*Work to be completed*. Below is some data. Retype exactly the lines starting at the one with "Wood Stove Door" and ending at the one with "Custom Couple In".

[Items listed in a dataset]
Start of Block
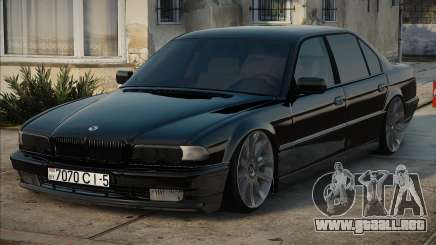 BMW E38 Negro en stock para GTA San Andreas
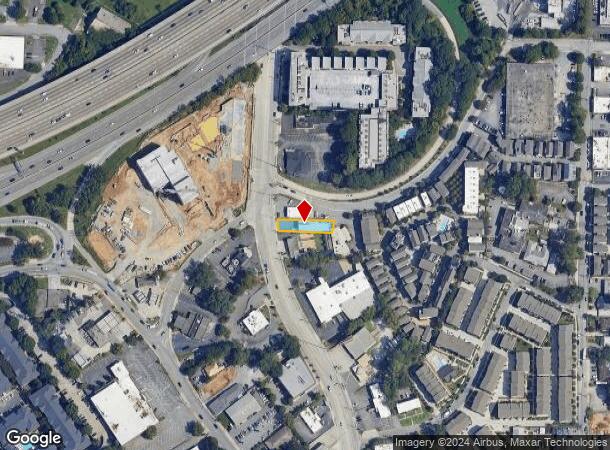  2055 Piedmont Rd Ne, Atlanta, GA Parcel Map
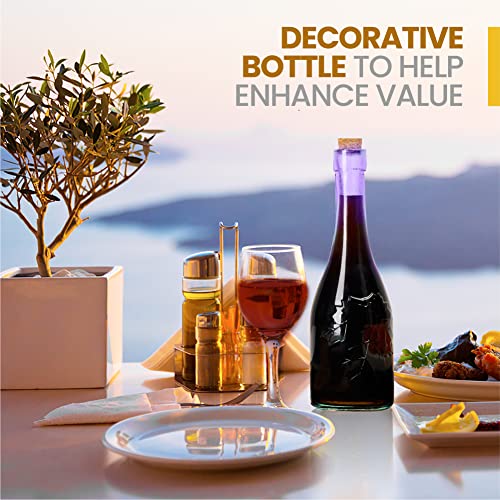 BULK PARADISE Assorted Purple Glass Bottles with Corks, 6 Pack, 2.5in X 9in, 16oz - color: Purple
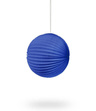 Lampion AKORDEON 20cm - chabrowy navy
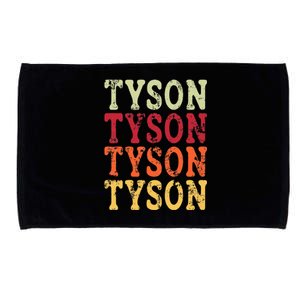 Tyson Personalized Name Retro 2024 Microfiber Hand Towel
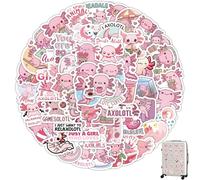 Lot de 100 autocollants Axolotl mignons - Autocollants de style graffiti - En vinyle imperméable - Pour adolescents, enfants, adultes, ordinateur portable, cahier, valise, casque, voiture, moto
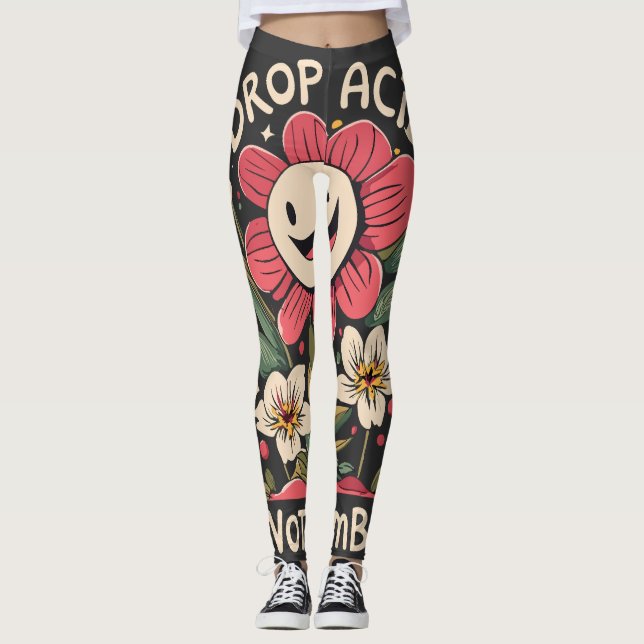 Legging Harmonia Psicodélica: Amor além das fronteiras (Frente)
End of Block
Start of Block
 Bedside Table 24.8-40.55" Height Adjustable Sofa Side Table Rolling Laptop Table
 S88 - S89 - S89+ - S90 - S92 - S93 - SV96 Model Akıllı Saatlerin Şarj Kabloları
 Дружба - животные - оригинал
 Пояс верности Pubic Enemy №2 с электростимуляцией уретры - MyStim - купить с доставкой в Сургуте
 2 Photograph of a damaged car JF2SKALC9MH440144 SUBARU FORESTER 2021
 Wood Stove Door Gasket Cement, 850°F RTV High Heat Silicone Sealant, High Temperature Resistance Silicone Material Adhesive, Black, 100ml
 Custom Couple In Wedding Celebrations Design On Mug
End of Block
*Task result*.
 Wood Stove Door Gasket Cement, 850°F RTV High Heat Silicone Sealant, High Temperature Resistance Silicone Material Adhesive, Black, 100ml
 Custom Couple In Wedding Celebrations Design On Mug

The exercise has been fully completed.